さらに、モデル選択の工程でも、Einsteinならではのロジックがあるそうです。それぞれの会社にはそれぞれ固有のビジネススタイルやプロセスがありますので、さまざまなモデルから最適なものを選択する必要があります。「Einsteinは、そのプロセスも自動化しました。ユーザー(組織)毎にすべてのモデルを実行して、テストの結果を数値化して比較します。その結果から、最も適したモデルが自動的に適用されます。この仕組みによって、それぞれのお客様にあった答えが導き出される」ことを可能にしています。

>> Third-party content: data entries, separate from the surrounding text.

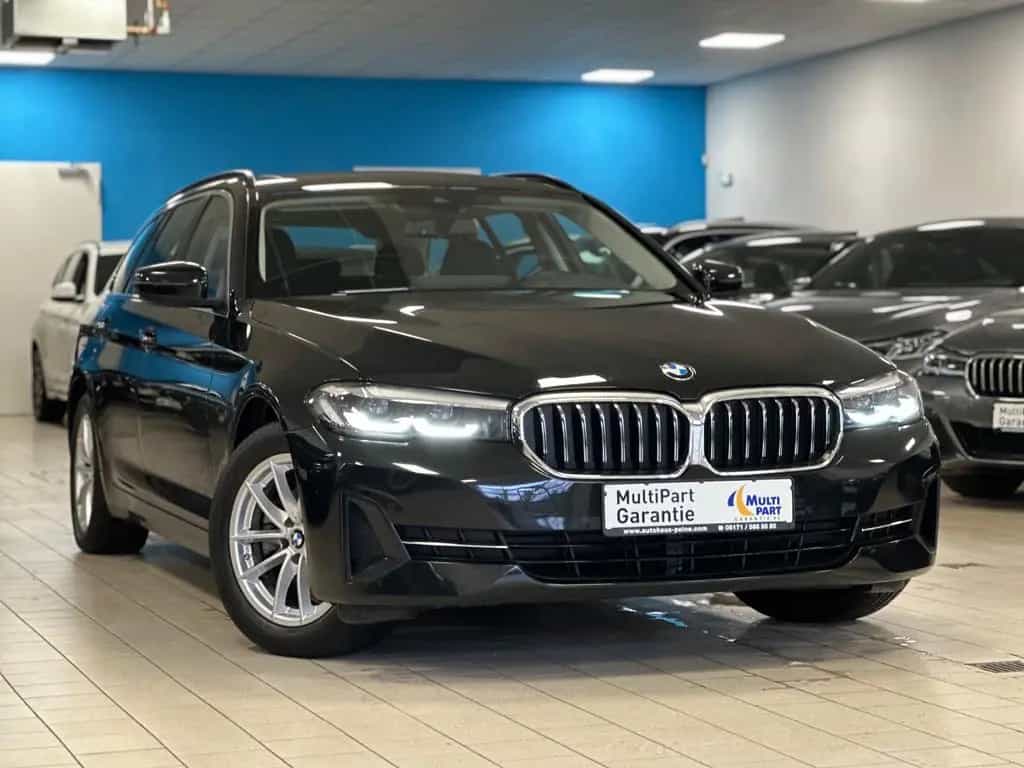 BMW 5 Series 06/2022-photo-30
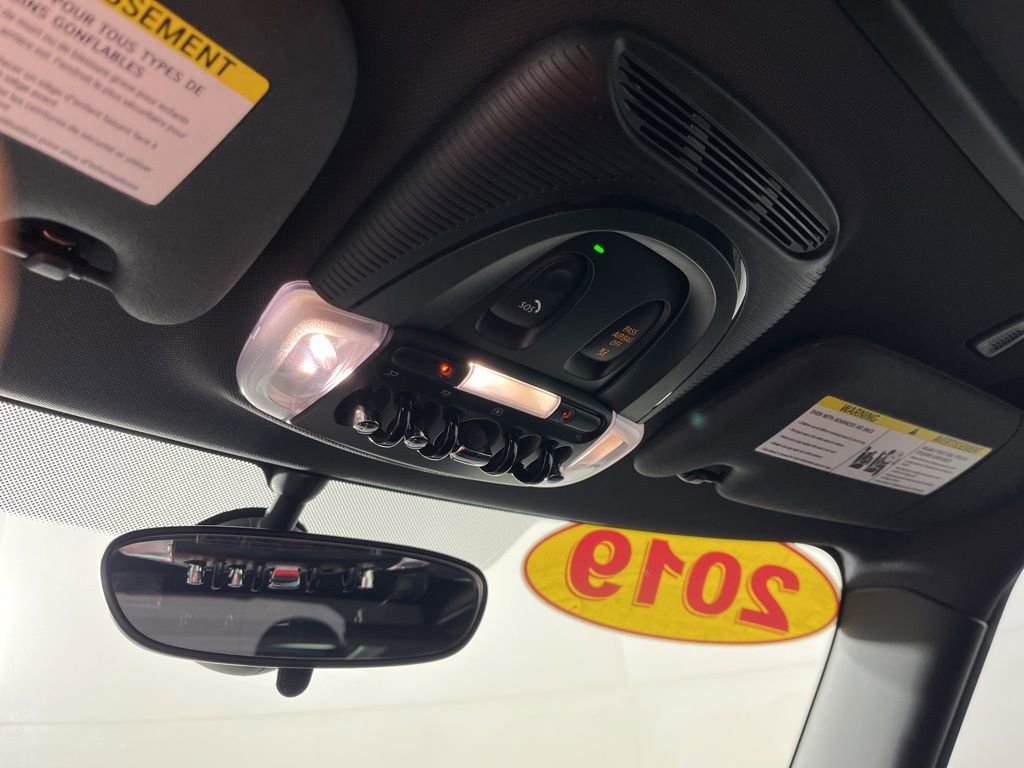 Used 2019 MINI Cooper 2-Door Hardtop image 23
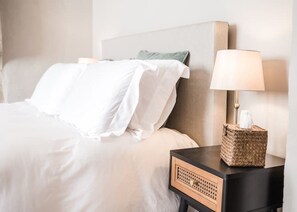 5 slaapkamers, een bureau, een strijkplank/strijkijzer, reisbedje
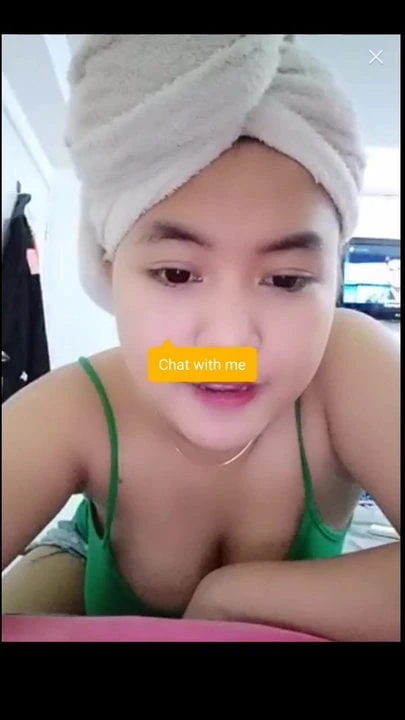 Tkw habis mandi ganti baju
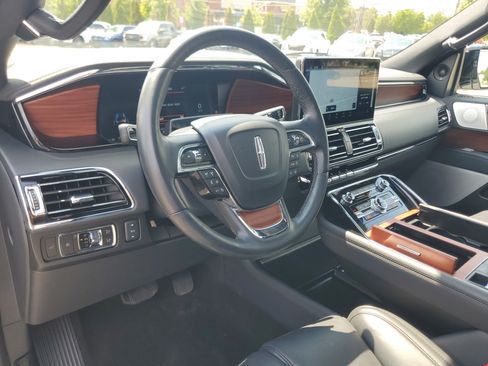Certified 2024 Lincoln Navigator Reserve AWD/4WD image 13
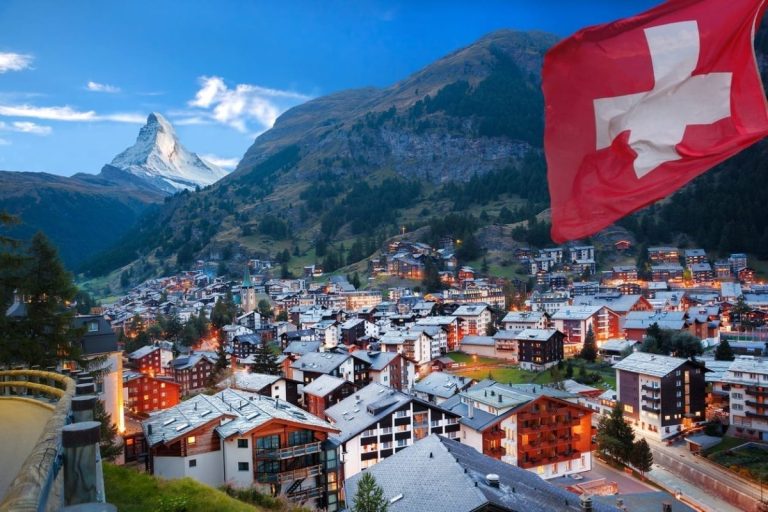 Elveția neagă că scăderea valorii activelor rusești înghețate indică o relaxare a sancțiunilor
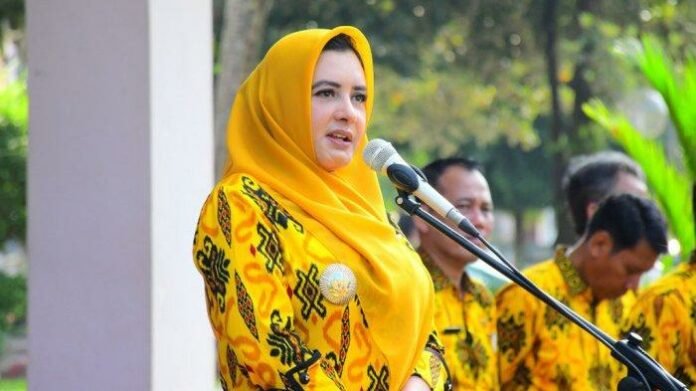 Bupati Pekalongan Fadia Arafiq terjerat dalam OTT KPK di Semarang (Foto: istimewa).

次に「深層学習」へのアプローチについて登壇したのは、米国セールスフォース・ドットコム 製品開発部 プロダクト・マネージメントディレクタのケン・ワカマツです。
深層学習とは具体的にどのようなことをするのでしょうか? ワカマツは画像認識の適用例を挙げ「人間側から指示は出さず、猫の画像ばかりを数多く提供し画像を学習させどの画像が猫かを認識できるようにすることも可能です」と説明しました。どうしてこのようなことが可能になるかというと、深層学習の仕組みとしては、まずは画像を「ピクセル分析」し、その後「境界認識」→「オブジェクトの一部の共通項を認識」→「オブジェクト全体の特徴認識」へとつなげてゆきます。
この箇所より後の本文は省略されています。